Por: www.teenvogue.com/12-06-2019
Students are taking on “insurmountable debt with high interest rates.»
The price of college is too damn high.
In fact, the price of higher education today is so astronomically outrageous that it would take an incoming freshman nearly 20 years to pay off a bachelor’s degree — and even longer if they pursued a masters or a Ph.D., according to one study.

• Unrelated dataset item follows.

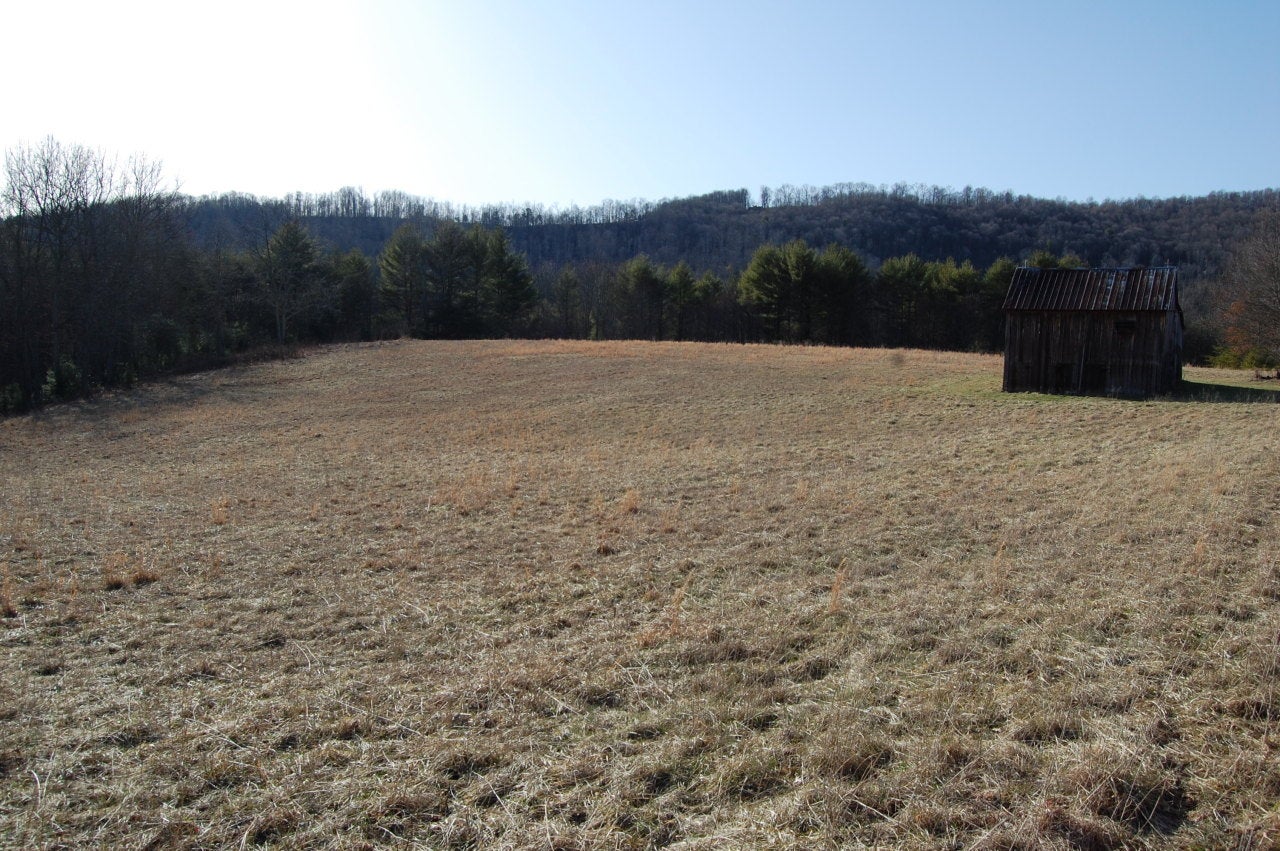 1305 Ellery Lloyd Road Union, WV 24983 - Photo 17 of 37 Gallery Image 17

Year over year, the cost of higher education continues to rise, with the current average cost of a four-year university reaching over $104,000. By comparison, a degree in 1989 cost around $26,000 ($53,000, if you adjust for inflation). Meanwhile, wages have stayed relatively stagnant, meaning the cost of higher education requires an increasing amount of students to take out student loans to cover tuition, housing, and general costs of living. To date, the student-loan debt in the United States is $1.53 trillion among an estimated 44.7 million people.
“Repaying student loans is by far one of the most oppressive obstacles young Americans face in our country today,” Ally Bernstein, a student debt lobbyist for the Association of Young Americans (AYA), tells Teen Vogue.
“Fortunately, despite the many issues Democrats and Republicans don’t see eye to eye about, there is one thing on which our elected officials do agree: Something must be done about the high cost of college and [student debt],” she says.
AYA, who Berstein lobbies for, is a nonpartisan membership organization that focuses on giving young people a voice in political decisions and increasing youth political engagement.
According to Bernstein, more students are taking on “insurmountable debt with high interest rates” in an effort to secure a college degree, thus leaving them unable to save for retirement, invest in home ownership, pay for quality health care, or qualify for an apartment without a guarantor. The debt, she emphasizes, delays major life events like marriage and starting a family.
With a commitment to tackling the student-debt crisis, Bernstein says the ideological differences regarding affordability and whether or not policies should “cut, boost, or consolidate federal grants and loan programs” are one reason Congress has yet to act on a solution
Bernstein notes that while legislation that would make college more affordable and alleviate student debt has not yet been introduced this session, both the House and the Senate are working on rewrites of the Higher Education Opportunity Act.
In the meantime, Bernstein recommends that young people pay attention to the stand-alone higher-education bills entering Congress this year. Many, she notes, address specific issues regarding affordable education and debt relief.
A bipartisan bill that was introduced in both chambers of Congress by Senator Bill Cassidy (R-LA) and Senator Elizabeth Warren (D-MA) on March 14, 2019, the CTA legislation would establish a postsecondary student data system to provide better data and information about college patterns, post-collegiate outcomes, higher-education costs, and financial aid. The idea of transparency would allow for institutional improvement and a detailed analysis of Federal aid programs. The bill currently has bipartisan support, with 19 cosponsors in the Senate.
“If passed, the legislation would overturn a ban on a federal data system to track employment and graduation outcomes of college students,” Bernstein explains, referencing a federal data system ban implemented in 2008 with the reauthorization of the Higher Education Opportunity Act, which meant colleges had to report data only at an institutional level, not providing more-targeted evaluations.
“The CTA would ensure accurate reporting on student outcomes such as enrollment, completion, and post-college success across colleges and majors. In order to protect student privacy, the bill bans the sale of the data, prohibits access by law enforcement, and limits the use of personally identifiable information.”